Over 20 years ago I started working with students as evaluators . Kids worked with me to design and carry out evaluations of specific programs in which they were involved. While I provided technical assistance; these were their evaluations. The students determined the questions to be asked and how they would get the answers. They collected and analyzed the data and presented their data-based conclusions and recommendations to the program directors. This was real--we only worked with program people made a commitment either to implement the students' recommendations or to explain why they wouldn't or couldn't do so.

The work was good and the experience useful to all in great part because the work was real and the students were in charge. I always thought if it worked in evaluation, it would work in research. It turns out I was right.
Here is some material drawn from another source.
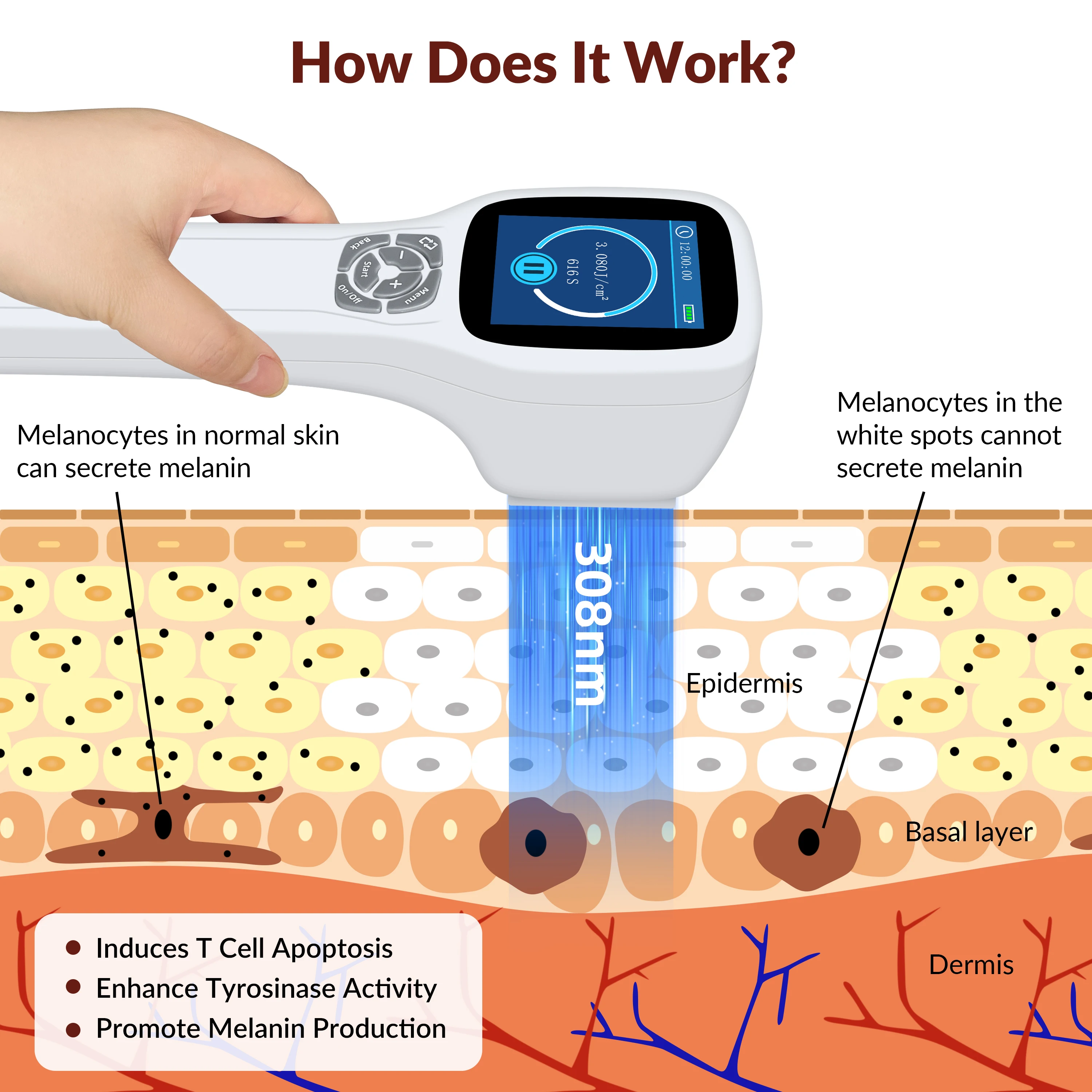 Medical 308 nm Excimer Narrowband UVB Narrow Band UV Light at Home Remedy Therapy Treatment for Eczema Vitiligo Skin Conditions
Blackawton Bees is an article published in Biology Letters by 25 8 to 10 year olds and a couple of grown ups.

Their results:

We discovered that bumble-bees can use a combination of colour and spatial relationships in deciding which colour of flower to forage from. We also discovered that science is cool and fun because you get to do stuff that no one has ever done before.

A companion paper explained:

The research was conceived, carried out, summarized and written up by a class of 8 to 10 years olds in Devon, England under the light supervision of a teacher and a research scientist. The result is a significant piece of research giving a novel insight in the colour and pattern vision of the bee. Using well-established experimental procedures that were invented by John Lubbock [5] for the study of colour vision in bees and later implemented by a Nobel Prize winner [6], the results provide convincing evidence that bees can transpose between learned colour, pattern and spatial cues when encountering changes in a coloured scene.

Students as researchers, now that's a concept!